WHAT IS EXPECTED> What you return must match the entries exactly, except that the pictures are gone.

Caption-style text data>
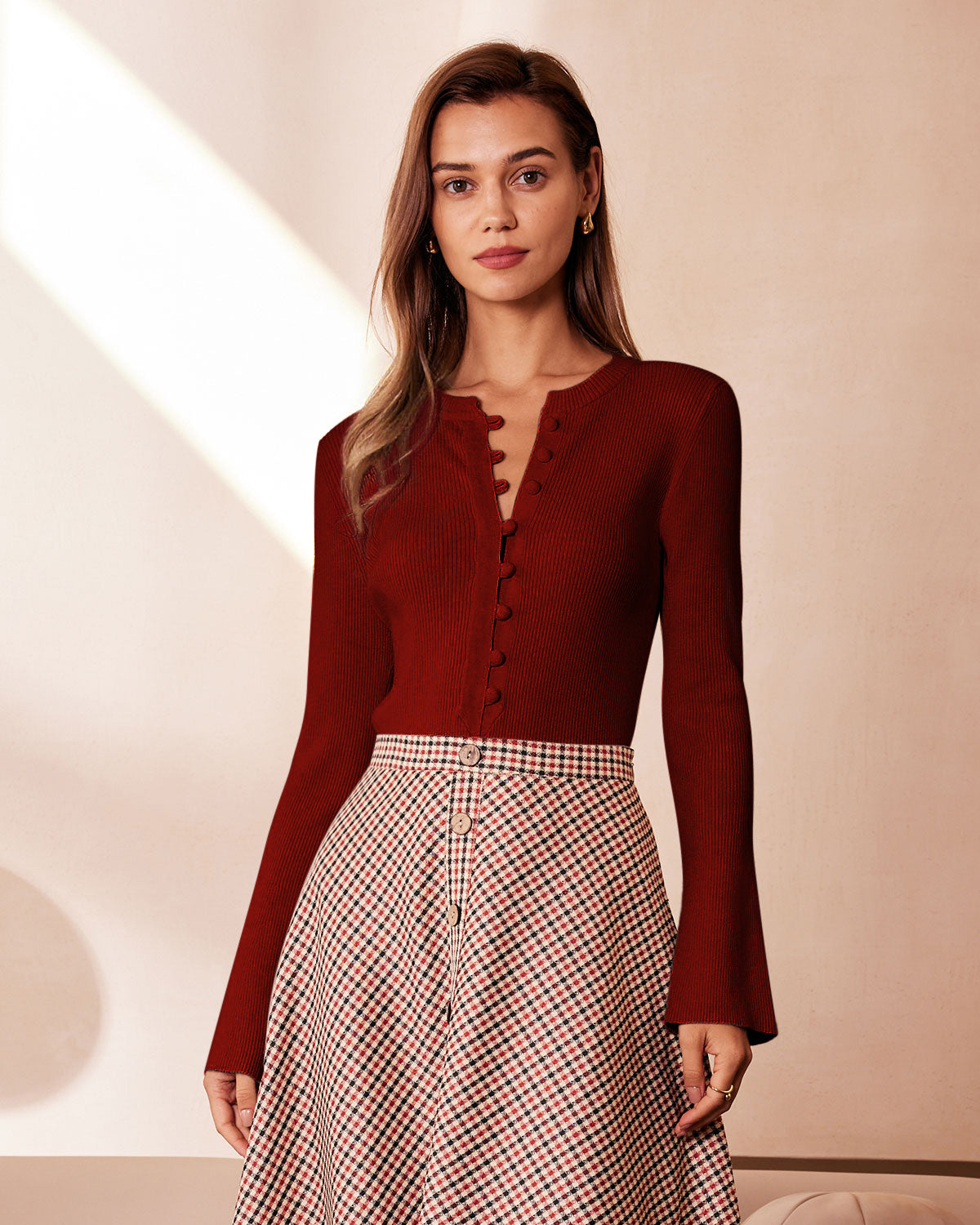 Women Knitted Nylon Viscose blended Sweaters Red Tops - RIHOAS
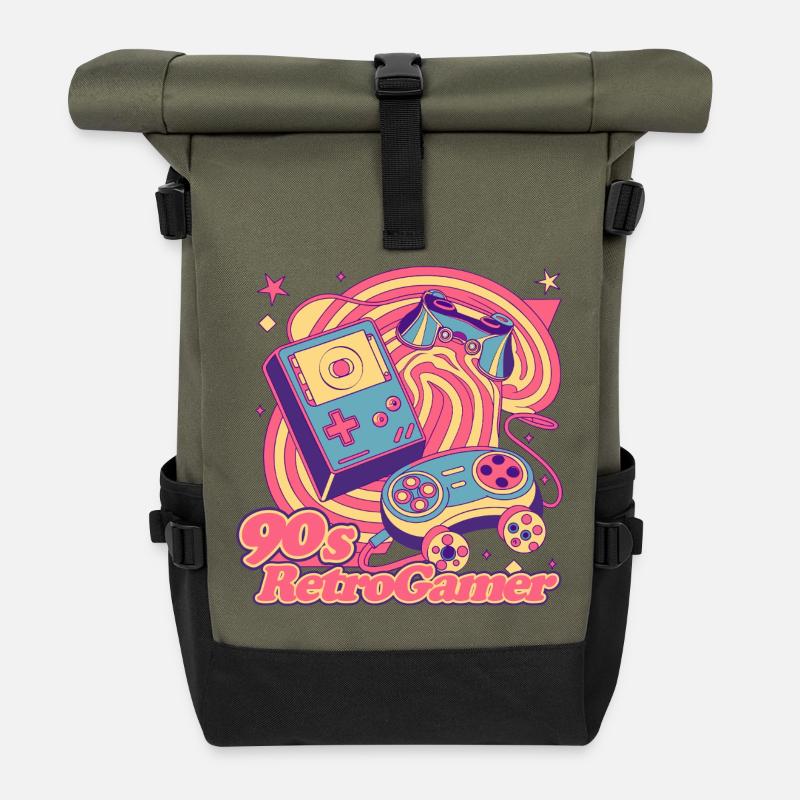 90s Retro Gamer Design Tee - Roll Top Backpack - olive/black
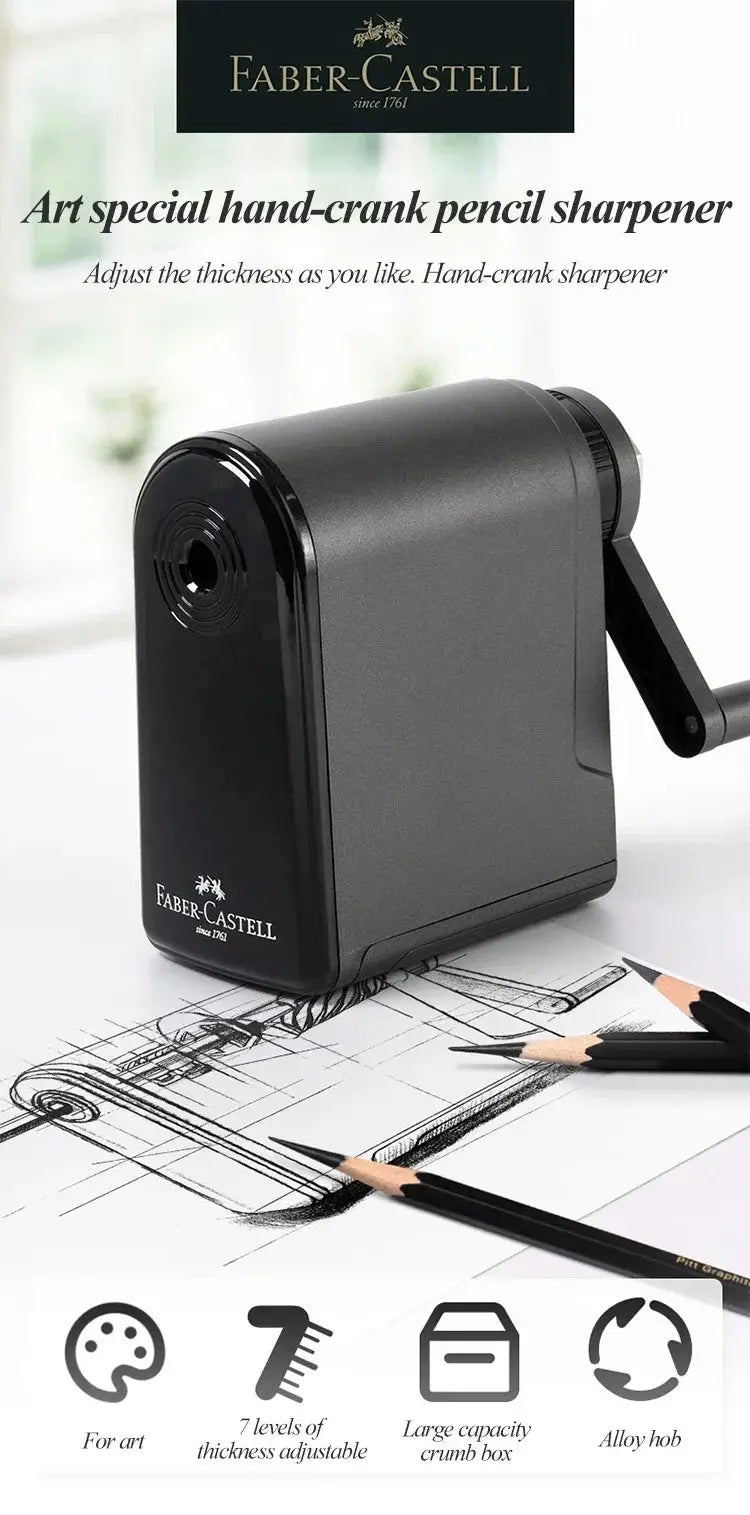 Faber-Castell hand-crank pencil sharpener, large-capacity black metal body for sketch art.
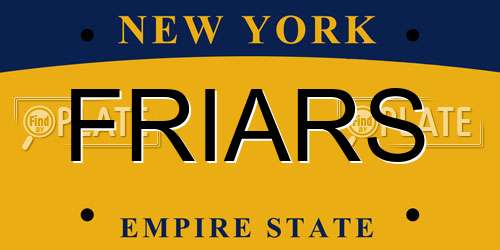 FRIARS New York License Plate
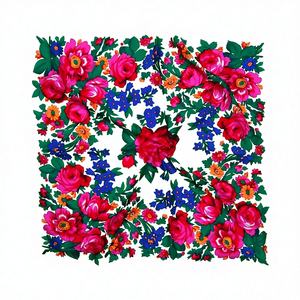 <b>Women's</b> Acrylic Square 110*110cm Floral Printed Breathable Ethnic Scarf Multi-Purpose Russian Style Neckwear <b>Head</b> <b>Wrap</b> <b>for</b> - Product Image 2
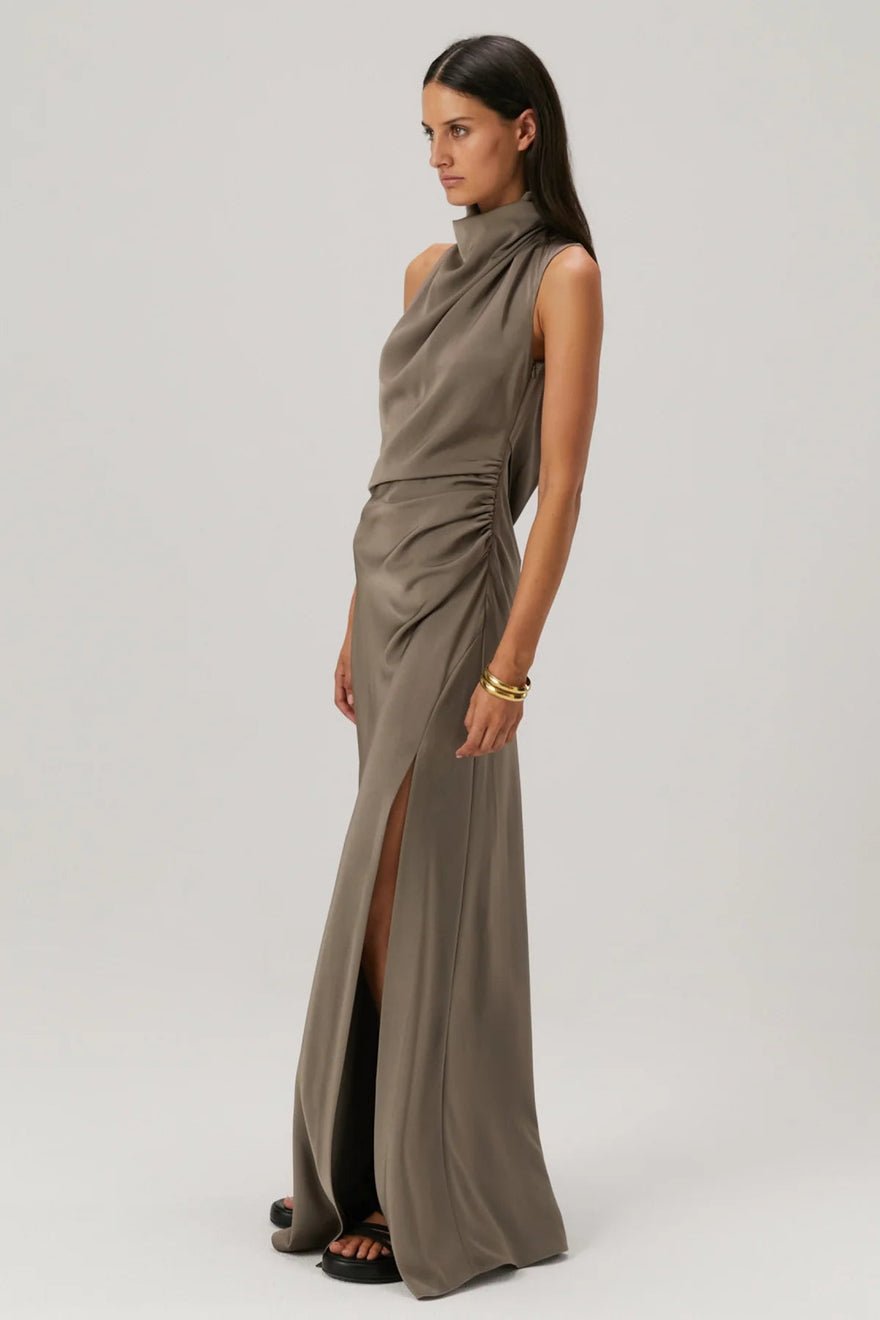 Misha Collection Constantina Satin Gown Grey photo 3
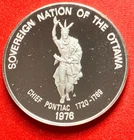 1976 Sovereign Nation of the "OTTAWA TRIBE" 1oz .999 Fine Silver Round
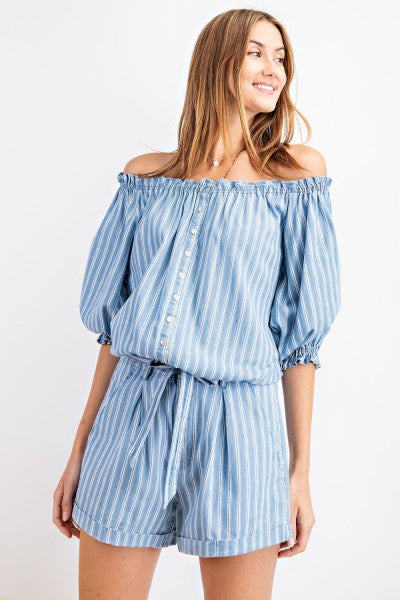 Easel Stripe Time High Waist Shorts-Bottoms-Easel-Deja Nu Boutique, Women's Fashion Boutique in Lampasas, Texas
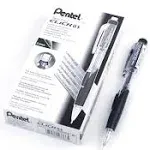 Pentel Twist Erase CLICK Mechanical Pencil, Pack of 12, 0.5mm, Clear Barrel, Black Grip (PD275TA)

ANSWER SECTION>
 Women Knitted Nylon Viscose blended Sweaters Red Tops - RIHOAS
 90s Retro Gamer Design Tee - Roll Top Backpack - olive/black
 Faber-Castell hand-crank pencil sharpener, large-capacity black metal body for sketch art.
 FRIARS New York License Plate
 <b>Women's</b> Acrylic Square 110*110cm Floral Printed Breathable Ethnic Scarf Multi-Purpose Russian Style Neckwear <b>Head</b> <b>Wrap</b> <b>for</b> - Product Image 2
 Misha Collection Constantina Satin Gown Grey photo 3
 1976 Sovereign Nation of the "OTTAWA TRIBE" 1oz .999 Fine Silver Round
 Easel Stripe Time High Waist Shorts-Bottoms-Easel-Deja Nu Boutique, Women's Fashion Boutique in Lampasas, Texas
 Pentel Twist Erase CLICK Mechanical Pencil, Pack of 12, 0.5mm, Clear Barrel, Black Grip (PD275TA)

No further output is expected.